Television station in New York City (1980–2023)

WNYX-LD (channel 32) was a low-power television station in New York City. The station was owned by the New York Spectrum Holding Company and operated by CMMB America. There was one subchannel on the multiplex, Diya TV.

==History==
===As W59AT and W44AI===
Originally, this station began operations on channel 59 as W59AT, licensed to Plainview, becoming the third TV station in Long Island and the second independent station since WSNL (channel 67) first went on the air seven years earlier. In the early years, the station was the first in broadcasting an all-music video format from Satellite Program Network as secondary from 5 a.m. to 2 a.m. In addition to music videos, the station also aired instructional programming from local colleges and ethnic and community programming. For a time, it was a translator for WLIG (channel 55; now WLNY-TV).

In 1987, it moved to channel 44 and changed its city of license to Hicksville, accordingly changing its call letters to W44AI. During this time, it broadcast a mix of public access-type programs and shows from independent producers, which included the only regularly scheduled show for the region's LGBTQ+ community. In 1994, it changed its call sign to WNYX-LP (having already used WNYX as its name), and in 1997 it moved to channel 35 in New York City.

===As WNYX-LP===
Throughout the 1990s and 2000s, WNYX-LP aired community programming, some of which was produced by local businesses and public-access television studios. Like its sister station WNXY-LD, the station broadcast community public-access television-type programming. Other programming that was produced in the early 1990s included psychic tarot readings. In 2004, WNYX-LP produced an hour-long program called The New Yorkers, hosted by James Chladek. A movie review program hosted by Stu Lee was broadcast, and music videos were reintroduced after seven years.

In 2005, WNYX-LP began to air Almavision from 9 a.m. to 9 p.m., with community programing airing weeknights and weekends. In 2006, Nuestra TV was carried full-time. A year later, WNYX-LP went back to independent status. Metro Studios moved from East 23rd Street to its new location on West 42nd Street in Times Square in 2007. As a result, WNYX-LP ceased operations temporarily from June to late November of that year.
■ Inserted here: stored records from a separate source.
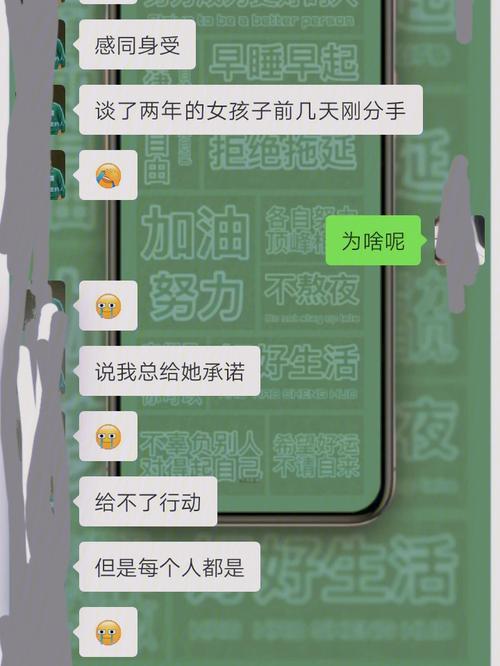 朋友失恋了怎么安慰（怎么安慰失恋了的朋友）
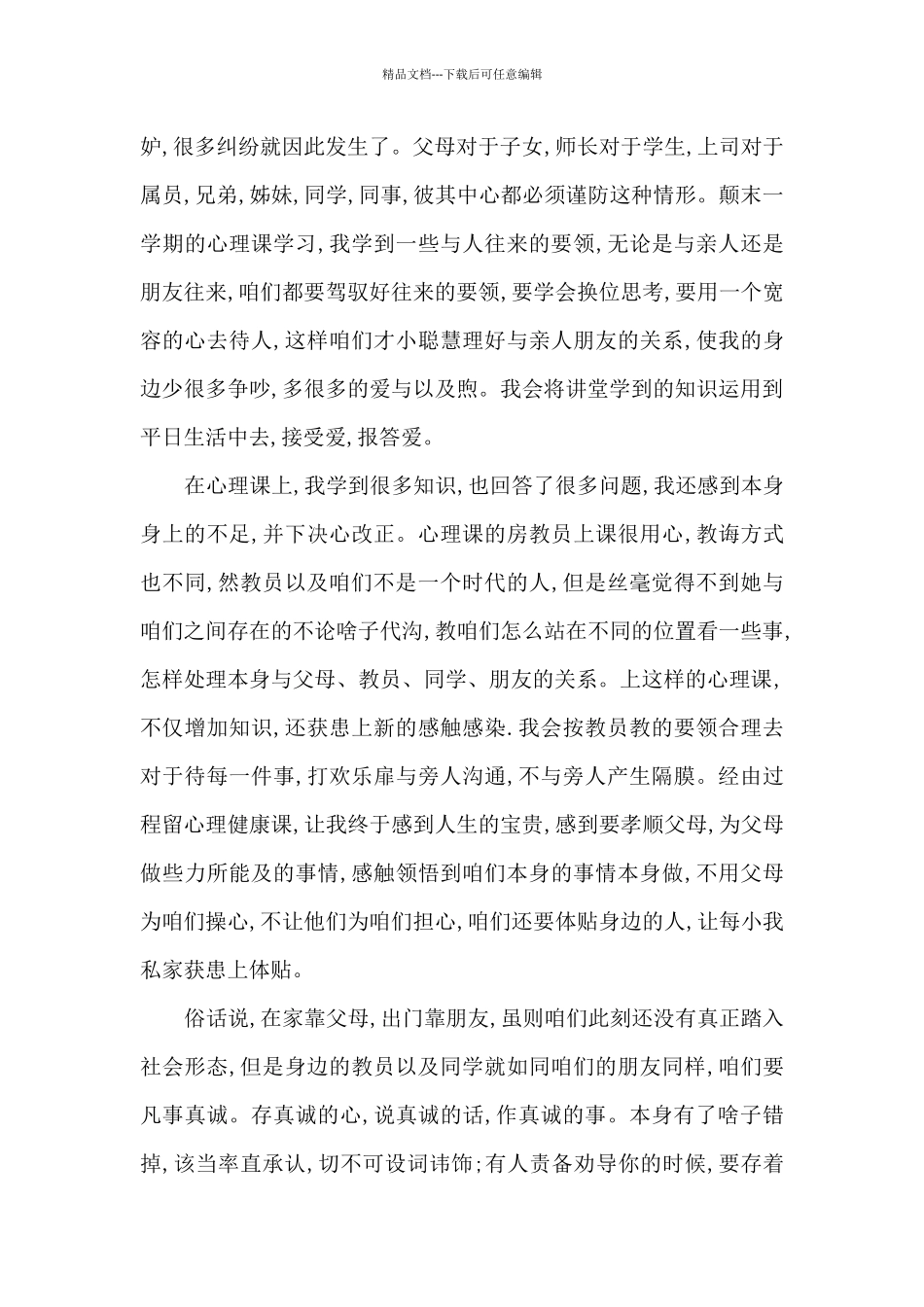 上心理健康课的心得体会_第2页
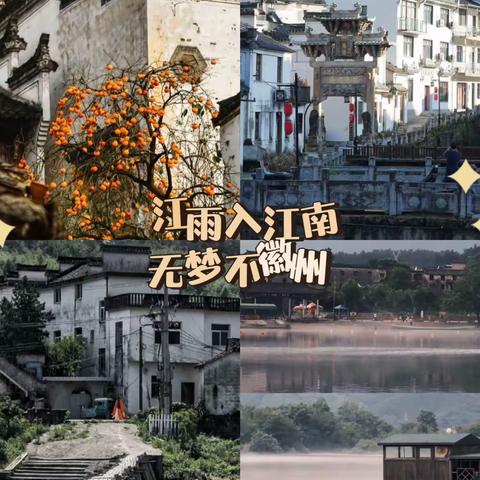 宣城市第一幼儿园（澄江园）中二班——赴“古”之旅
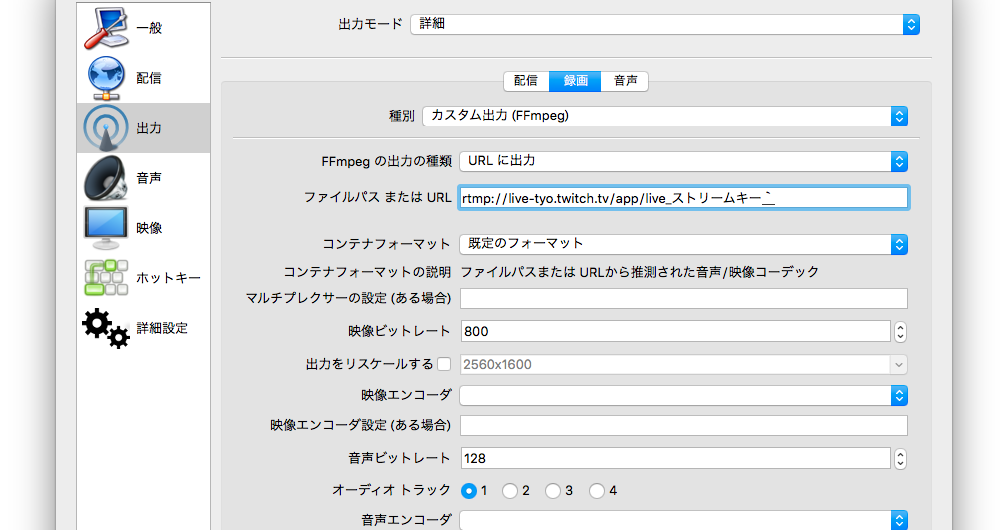 Obs Studioで同時配信する Kilinbox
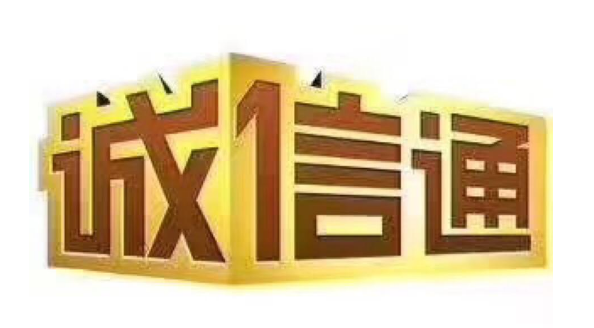 阿里巴巴诚信通(阿里巴巴旗下的网上交易平台)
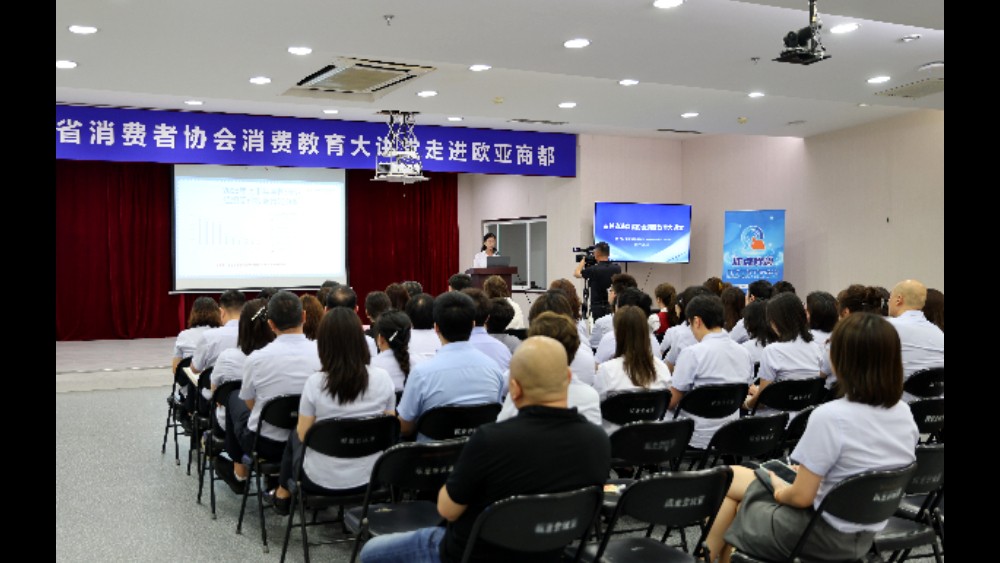 吉林省消费者协会消费教育大讲堂进企业活动在长春举行
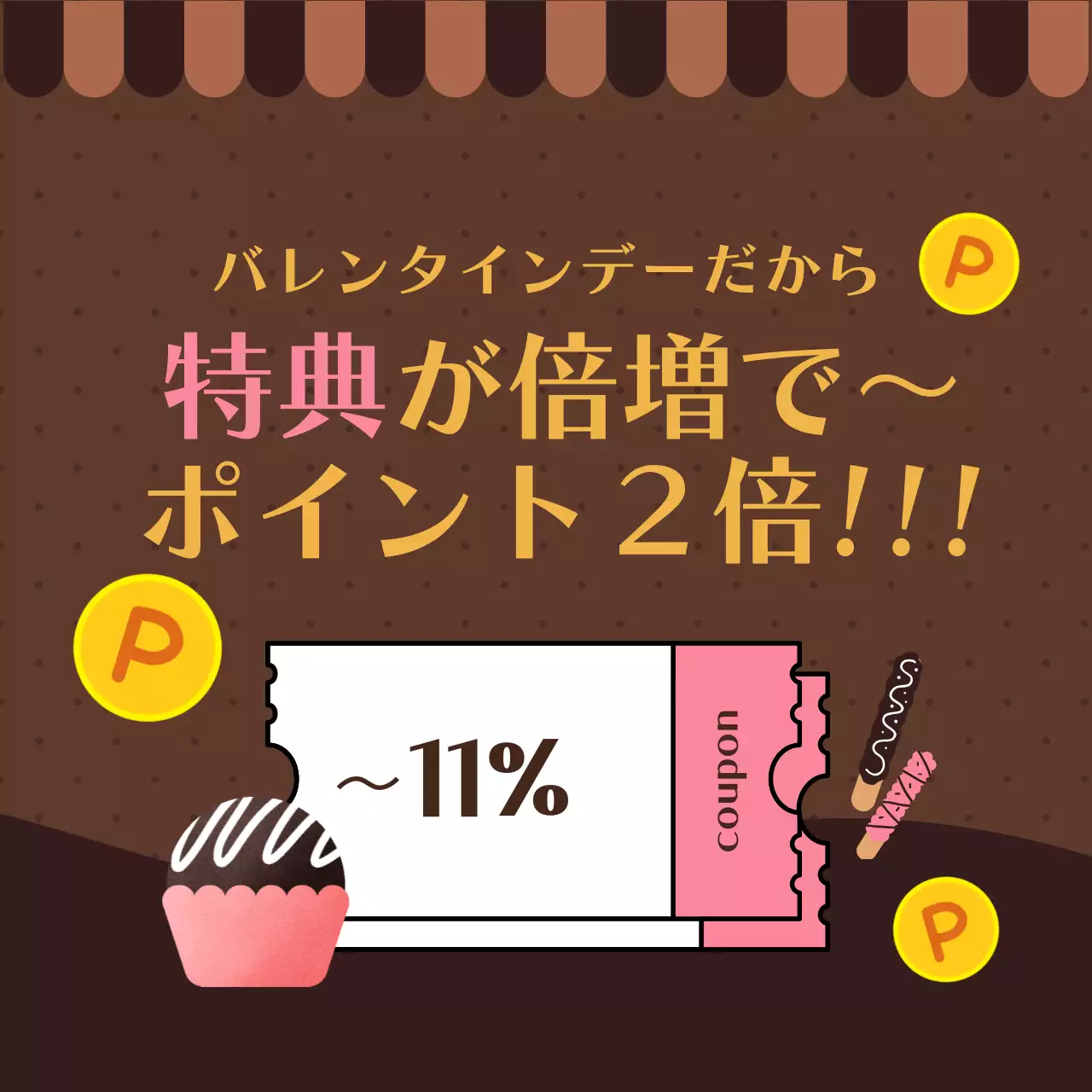 ピンク かわいい バレンタイン ポスター Instagram カルーセル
WNYX-LP returned to the air two days before Thanksgiving, with a new branding of "TV 35 New York" Some of its programming was replaced by The New Yorkers, which aired during the day. During the evenings, old classic movies aired along with psychic readings. On weekends, only religious programming aired in the mornings.

In 2009, around the same time Pulse 87 audio programming was being aired over co-owned WNYZ-LP, the entire programming lineup was dropped in favor of another format called The Jared Whitham Channel featuring Jared Whitham, a bespectacled local area comic/musician. WNYX-LP temporarily signed off in October 2009, along with co-owned WNXY and WXNY, in order to build out digital transmitting facilities. WNYX-LP was most recently licensed to New York, and was available online, but has since been shut down.

===As WNYX-LD===
As WNYX-LD, the station returned to the air in November 2010 with a new format airing both paid programming and religious programming under a temporary LMA with Jacobs Broadcasting. Soon after, the station rebranded itself simply as WNYX. WNYX-LD simulcasted the programming on co-owned WNXY-LD and WXNY-LD. Programming consisted of silent black-and-white movies featuring Charlie Chaplin and Buster Keaton. WNYX-LD was owned by Island Broadcasting Company. However, due a fraud investigation which the founder was found guilty in 2013, the station went offline and displayed SMPTE Color Bars.

Island Broadcasting sold the following stations to NY Spectrum Holdings in 2012. Early that year in 2012, WNYX-LD became a full-time CCTV news affiliate. As of September 2013, WNYX-LD was off the air, with the CCTV co-affiliation going to sister station WNXY Channel 43. In 2016, WNYX-LD returned on the air simulcasting CCTV News branding 32.1.

The following year, CCTV News was renamed to CGTN America though it continued with the all-news format. WNYX-LD appeared in September 2018 on channel 35.513 blank; it was not known what format they would be airing though it had subsequently applied its construction permit to move to channel 5, a frequency previously used by WNYW.

In mid 2021, after eight years as a news affiliate of CGTN America, the station switched to its new affiliate Diya TV, a U.S. based network simulcasting WNXY-LD. This new transition marks the first time since WDVB-CD added this South Asian format in early 2010. WNXY-LD carried the network alongside WNYX, a reversal from nearly 15 years ago when WNXY simulcast WNYX as an independent station.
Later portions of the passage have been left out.